Get out. Not all battles are worth fighting. Not all races are worth being in. One always has the choice to get out. After all, even if you win the rat race, you are still a rat
Run at your own pace and style. If for some reason one is unable to get out of the mad rush, one should run at their own terms. Australian farmer Cliff Young was 61 years old, a vegetarian, a teetotaler and a virgin when he announced he wanted to take part in the Sydney to Melbourne race. He had never run a marathon before so he became a laughing stock. While other contestants were younger, had run similar races before and were running with ‘proper’ running shoes sponsored by famous brands, Cliffy ran with his gumboots. Many professionals commented that his technique was considered “incorrect” because instead of running, he traipsed along with a leisurely shuffle. But Cliffy won first place, breaking the race record by 9 hours! Later, people who studied his running technique called it the ”Young Shuffle” and has since been adopted by some ultra-marathon runners because it expends less energy. A true minimalist
There were many times when Cliffy was at the point if giving up. He stayed true to himself and hence avoided being ‘dragged along’. When people lose it and scream at us, we are not obligated to react in the same way. The better approach will be to allow them to release steam and once they are done to respond calmly. Let that be the style.
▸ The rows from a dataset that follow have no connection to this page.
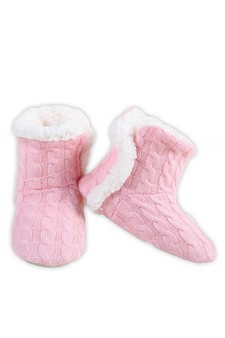Women's Cable Knit Faux Sherpa Lined Slippers style 6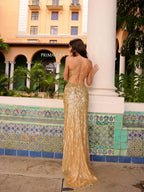 Primavera Couture Prom 4125 - Gold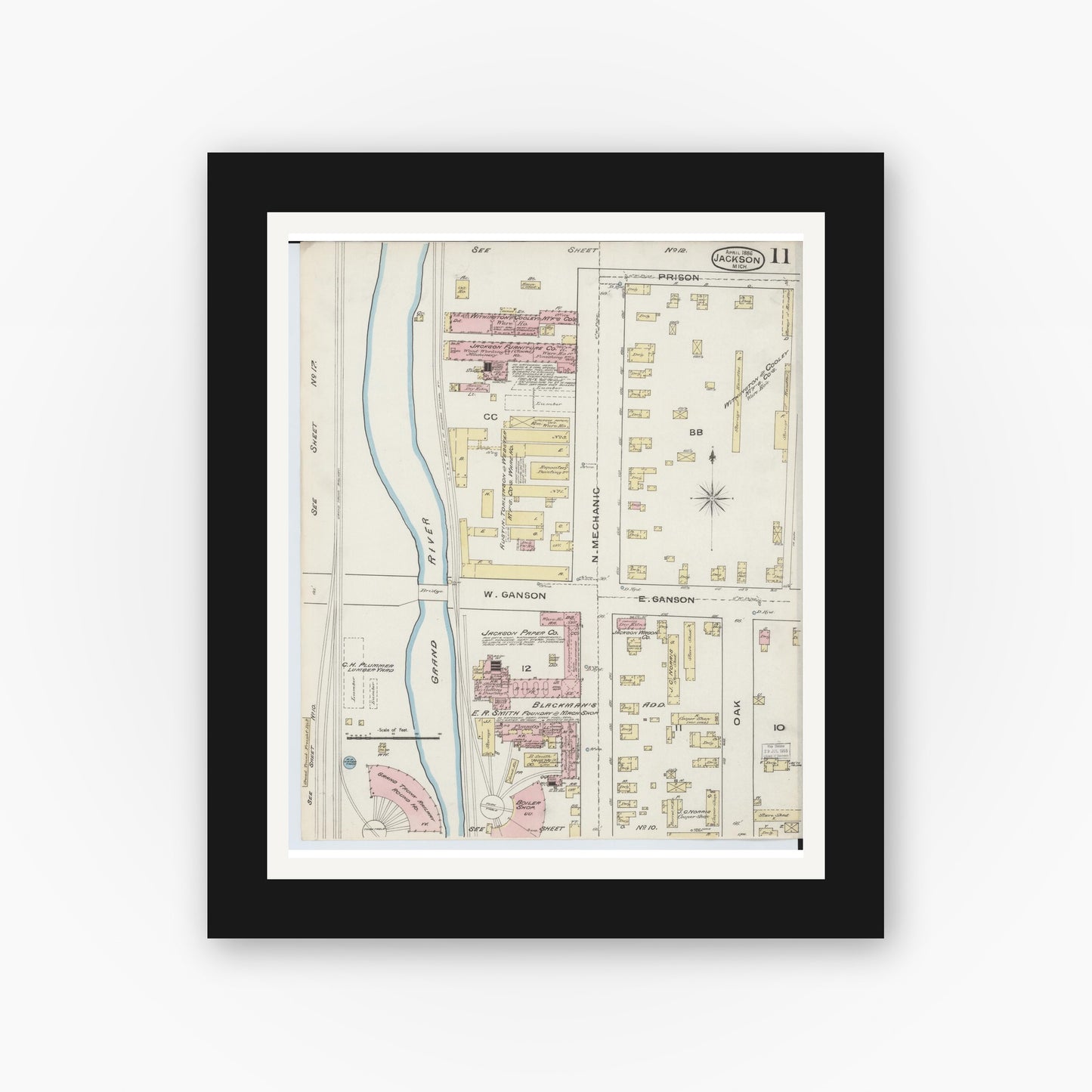 Old map wall art mockup — black gallery frame with white mat — Sanborn Fire Insurance Map from Jackson, Jackson County, Michigan (1886), Sheet #0011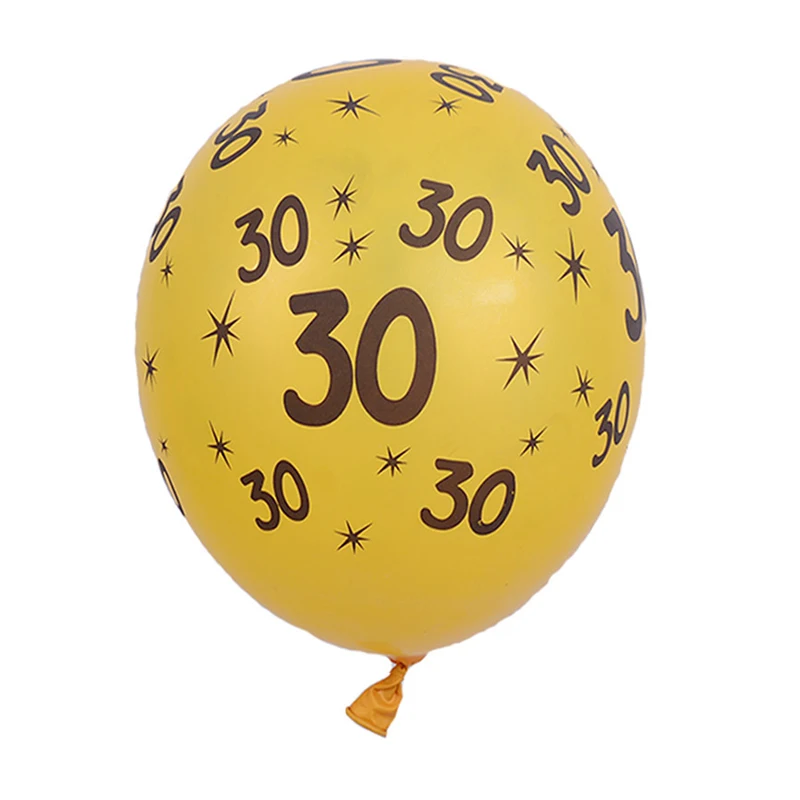 10Pcs/Lot 12" DIY  Black and Gold Happy Birthday Age Number Helium Latex Balloon Decor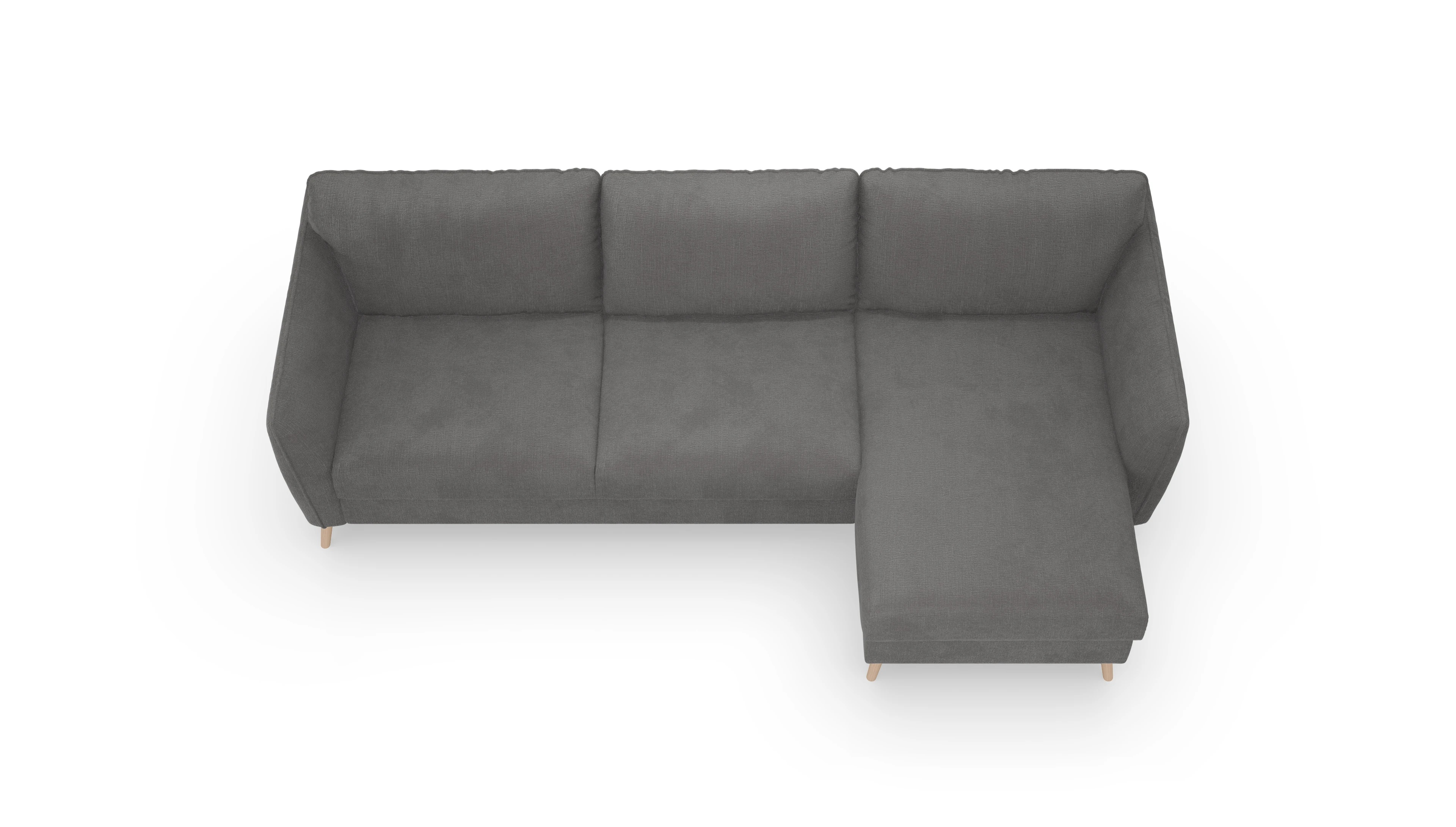 Ansicht des Produktes Eriksen Sofa mit Rec rechts in Stoff grau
Practice makes perfect. There are some religious practices that at fixed intervals throughout the day; stop whatever they are doing no matter how busy they are, to pray. Just taking this few minutes off reminds them why they are really on earth for or the purpose of their toil. It is easy to get caught up in the heat of the moment and lose perspective. It will do us good to use any ‘agitated’ moments as cues to pause and take a deep breath. True change takes time and deliberate practice. In the book Outliers, Malcolm Gladwell says that it takes roughly ten thousand hours of deliberate practice to achieve mastery in a field. Is it not reasonable to expect the same if we wish to chisel and mold our character?
Change begins with us: Every time, we board a plane we are reminded of the following advice: “Secure your own mask first before helping others.” The rationale is simple: We can only help others if we are not helpless ourselves. Everything begins with us. If we are calm, it will be easy to achieve calmness in our homes. If there is calmness in our homes, there will be peace in nations. If there is peace in nations, there will be peace in the world. Imagine a tiny hut with its doors and windows shut. You light a candle. It is pitch dark outside. If you open the window, is the vast darkness of the night going to overcome the light from the candle or will the light from the candle pierce the darkness? The challenge for each of us then, is to become that ‘light’.